Note

Click here to download the full example code

Neural Style Transfer with `pystiche`¶

This example showcases how a basic Neural Style Transfer (NST), i.e. image optimization, could be performed with pystiche.

Note

This is an example how to implement an NST and not a tutorial on how NST works. As such, it will not explain why a specific choice was made or how a component works. If you have never worked with NST before, we strongly suggest you to read the Gist first.

Setup¶

We start this example by importing everything we need and setting the device we will be working on.

 import pystiche
 from pystiche import demo, enc, loss, optim
 from pystiche.image import show_image
 from pystiche.misc import get_device, get_input_image

 print(f"I'm working with pystiche=={pystiche.__version__}")

 device = get_device()
 print(f"I'm working with {device}")

Out:

I'm working with pystiche==1.0.1
I'm working with cuda

Multi-layer Encoder¶

The content_loss and the style_loss operate on the encodings of an image rather than on the image itself. These encodings are generated by a pretrained encoder. Since we will be using encodings from multiple layers we load a multi-layer encoder. In this example we use the vgg19_multi_layer_encoder that is based on the VGG19 architecture introduced by Simonyan and Zisserman [SZ14] .

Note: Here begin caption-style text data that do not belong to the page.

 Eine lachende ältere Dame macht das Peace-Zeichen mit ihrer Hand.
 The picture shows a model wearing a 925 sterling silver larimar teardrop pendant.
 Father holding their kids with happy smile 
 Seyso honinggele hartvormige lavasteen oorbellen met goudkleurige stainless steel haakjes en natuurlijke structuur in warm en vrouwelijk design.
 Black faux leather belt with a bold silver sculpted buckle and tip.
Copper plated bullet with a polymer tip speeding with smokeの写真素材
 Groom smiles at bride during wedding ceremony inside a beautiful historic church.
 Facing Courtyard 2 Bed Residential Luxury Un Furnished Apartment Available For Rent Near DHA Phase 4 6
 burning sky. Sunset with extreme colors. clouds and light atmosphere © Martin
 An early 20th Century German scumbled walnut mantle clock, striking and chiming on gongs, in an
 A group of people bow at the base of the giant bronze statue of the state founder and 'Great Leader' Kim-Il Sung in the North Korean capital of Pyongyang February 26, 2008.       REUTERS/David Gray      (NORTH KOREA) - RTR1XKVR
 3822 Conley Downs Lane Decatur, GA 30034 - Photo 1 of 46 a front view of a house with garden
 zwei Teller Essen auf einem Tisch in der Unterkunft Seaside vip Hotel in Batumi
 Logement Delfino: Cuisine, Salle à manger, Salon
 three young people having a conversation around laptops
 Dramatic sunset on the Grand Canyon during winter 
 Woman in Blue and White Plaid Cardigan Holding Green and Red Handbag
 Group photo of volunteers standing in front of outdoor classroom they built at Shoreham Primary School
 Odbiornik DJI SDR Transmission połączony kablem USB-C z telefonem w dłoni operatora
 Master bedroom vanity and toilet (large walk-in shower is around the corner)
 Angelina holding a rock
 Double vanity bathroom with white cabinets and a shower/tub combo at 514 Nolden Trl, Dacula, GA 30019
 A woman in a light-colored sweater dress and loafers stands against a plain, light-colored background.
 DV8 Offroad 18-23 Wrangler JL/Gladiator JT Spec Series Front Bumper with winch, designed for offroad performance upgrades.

 multi_layer_encoder = enc.vgg19_multi_layer_encoder()
 print(multi_layer_encoder)

Out:

VGGMultiLayerEncoder(
  arch=vgg19, framework=torch
  (preprocessing): TorchPreprocessing(
    (0): Normalize(mean=('0.485', '0.456', '0.406'), std=('0.229', '0.224', '0.225'))
  )
  (conv1_1): Conv2d(3, 64, kernel_size=(3, 3), stride=(1, 1), padding=(1, 1))
  (relu1_1): ReLU()
  (conv1_2): Conv2d(64, 64, kernel_size=(3, 3), stride=(1, 1), padding=(1, 1))
  (relu1_2): ReLU()
  (pool1): MaxPool2d(kernel_size=2, stride=2, padding=0, dilation=1, ceil_mode=False)
  (conv2_1): Conv2d(64, 128, kernel_size=(3, 3), stride=(1, 1), padding=(1, 1))
  (relu2_1): ReLU()
  (conv2_2): Conv2d(128, 128, kernel_size=(3, 3), stride=(1, 1), padding=(1, 1))
  (relu2_2): ReLU()
  (pool2): MaxPool2d(kernel_size=2, stride=2, padding=0, dilation=1, ceil_mode=False)
  (conv3_1): Conv2d(128, 256, kernel_size=(3, 3), stride=(1, 1), padding=(1, 1))
  (relu3_1): ReLU()
  (conv3_2): Conv2d(256, 256, kernel_size=(3, 3), stride=(1, 1), padding=(1, 1))
  (relu3_2): ReLU()
  (conv3_3): Conv2d(256, 256, kernel_size=(3, 3), stride=(1, 1), padding=(1, 1))
  (relu3_3): ReLU()
  (conv3_4): Conv2d(256, 256, kernel_size=(3, 3), stride=(1, 1), padding=(1, 1))
  (relu3_4): ReLU()
  (pool3): MaxPool2d(kernel_size=2, stride=2, padding=0, dilation=1, ceil_mode=False)
  (conv4_1): Conv2d(256, 512, kernel_size=(3, 3), stride=(1, 1), padding=(1, 1))
  (relu4_1): ReLU()
  (conv4_2): Conv2d(512, 512, kernel_size=(3, 3), stride=(1, 1), padding=(1, 1))
  (relu4_2): ReLU()
  (conv4_3): Conv2d(512, 512, kernel_size=(3, 3), stride=(1, 1), padding=(1, 1))
  (relu4_3): ReLU()
  (conv4_4): Conv2d(512, 512, kernel_size=(3, 3), stride=(1, 1), padding=(1, 1))
  (relu4_4): ReLU()
  (pool4): MaxPool2d(kernel_size=2, stride=2, padding=0, dilation=1, ceil_mode=False)
  (conv5_1): Conv2d(512, 512, kernel_size=(3, 3), stride=(1, 1), padding=(1, 1))
  (relu5_1): ReLU()
  (conv5_2): Conv2d(512, 512, kernel_size=(3, 3), stride=(1, 1), padding=(1, 1))
  (relu5_2): ReLU()
  (conv5_3): Conv2d(512, 512, kernel_size=(3, 3), stride=(1, 1), padding=(1, 1))
  (relu5_3): ReLU()
  (conv5_4): Conv2d(512, 512, kernel_size=(3, 3), stride=(1, 1), padding=(1, 1))
  (relu5_4): ReLU()
  (pool5): MaxPool2d(kernel_size=2, stride=2, padding=0, dilation=1, ceil_mode=False)
)

Perceptual Loss¶

The core components of every NST are the content_loss and the style_loss. Combined they make up the perceptual loss, i.e. the optimization criterion. In this example we use the feature_reconstruction_loss introduced by Mahendran and Vedaldi [MV15] as content_loss.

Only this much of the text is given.